I’ve been here before, to this place where all bets are off. I very clearly remember having this feeling not long after I was diagnosed with breast cancer. When the fist-in-the-stomach shock and early waves of terror began to abate, I felt an odd sense of freedom.
I can do—or not do—anything I want, I thought. I don’t have to worry about the extra five pounds I’m always trying to lose. I don’t have to feel guilty about never getting my Ph.D. I no longer have to concern myself with the schmutz building up on the floor between the toilet and the wall. I have permission to eat cake.
I know some of you have felt the same way. If not cancer, some other horrible life event—a spouse who cheated, the death of a loved one, the loss of a job—prompted in you this same odd sense of freedom. And now coronavirus has re-created that feeling, at least for me (and I hope for you).
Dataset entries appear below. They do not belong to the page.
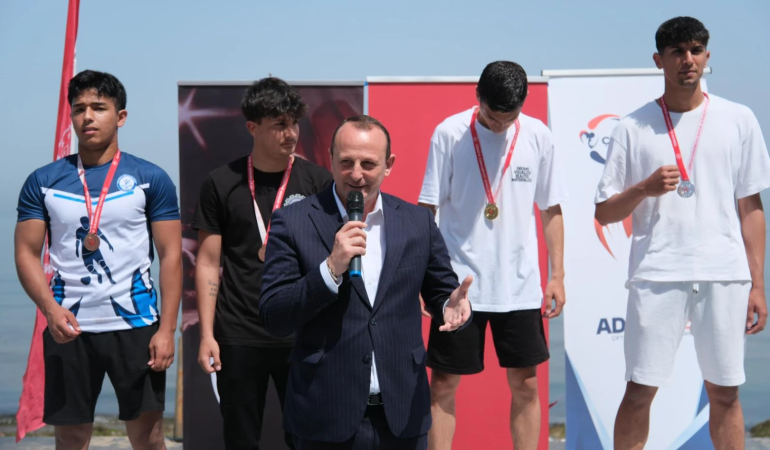 Çiftlikköy’de 19 Mayıs Coşkusu Pistlere Taşındı: Madalyalar Sahiplerini Buldu 3 Çiftlikköy’de 19 Mayıs Coşkusu Pistlere Taşındı: Madalyalar Sahiplerini Buldu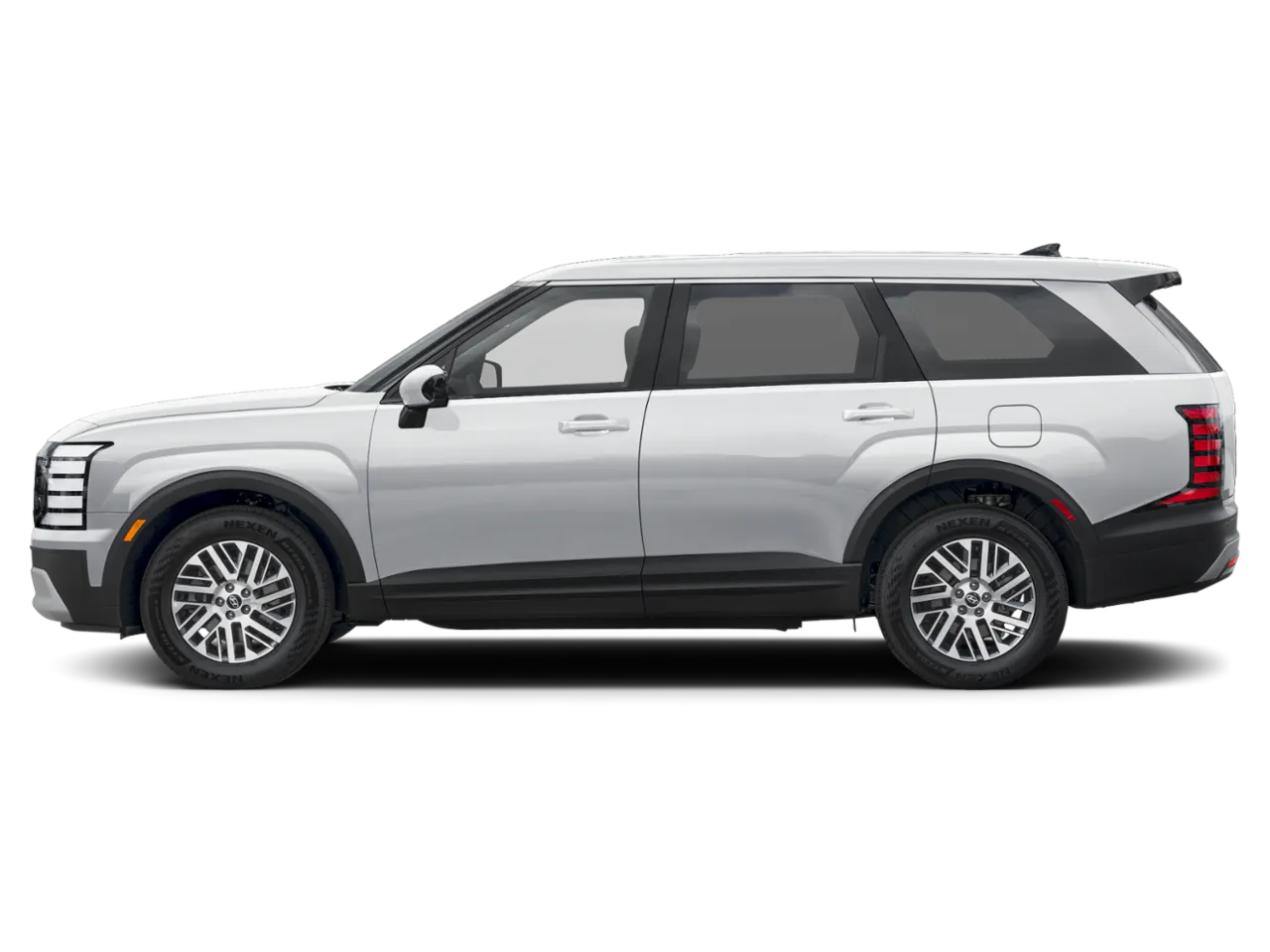 New 2027 Hyundai Palisade SUV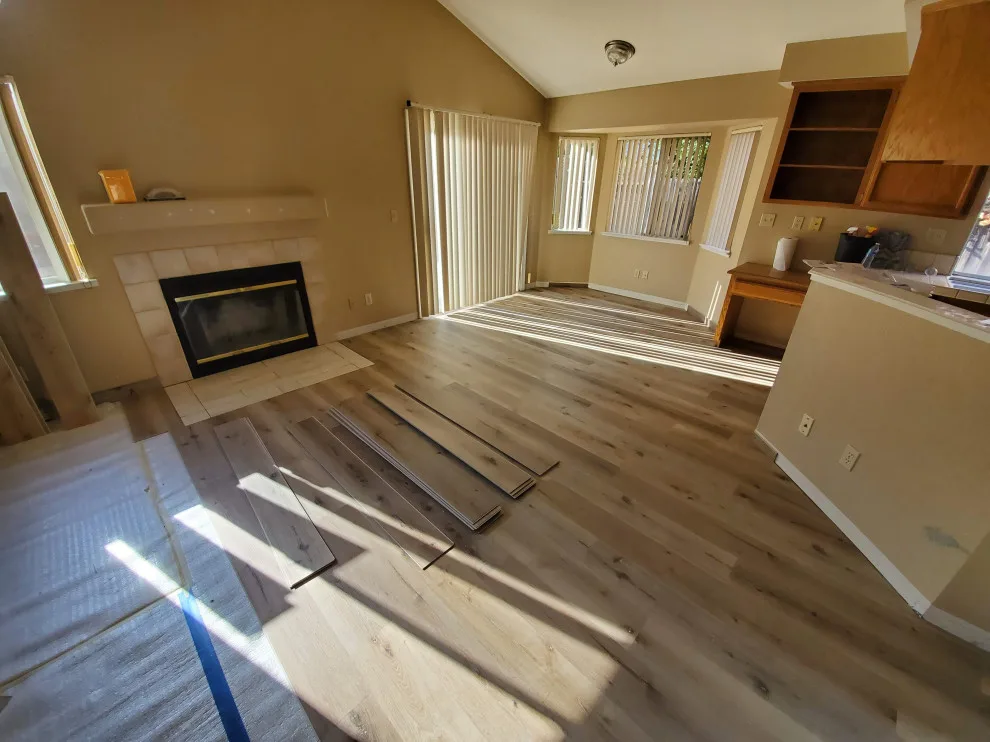 Antelope Flooring Solutions by House On The Hill Construction LLC - Photo 4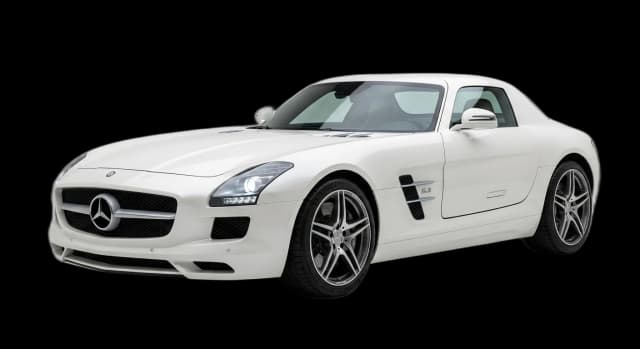 SLS AMG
So I say, let’s just do it. Give away all the clothes you don’t love—the nice clothes, the clothes you spent too much money on, the clothes someone you love gave you but you never wear. Stop eating kale, for goodness’ sake. (Does anyone truly love the taste of kale?) Paint the front door fuchsia. Shave your head. Get rid of the treadmill you never use. Buy a hot tub. Do whatever thing you can do that you haven’t let yourself do before because, well, it wouldn’t look right, it isn’t appropriate, your mother would plotz, it’s a waste of money, it isn’t “safe”. . . .
It’s time to eat cake, folks. Forks up!
*As of this posting, Tune-Up Café is open for takeout during its regular hours, 8 a.m.-9:30 p.m. Dulce has closed for the time being.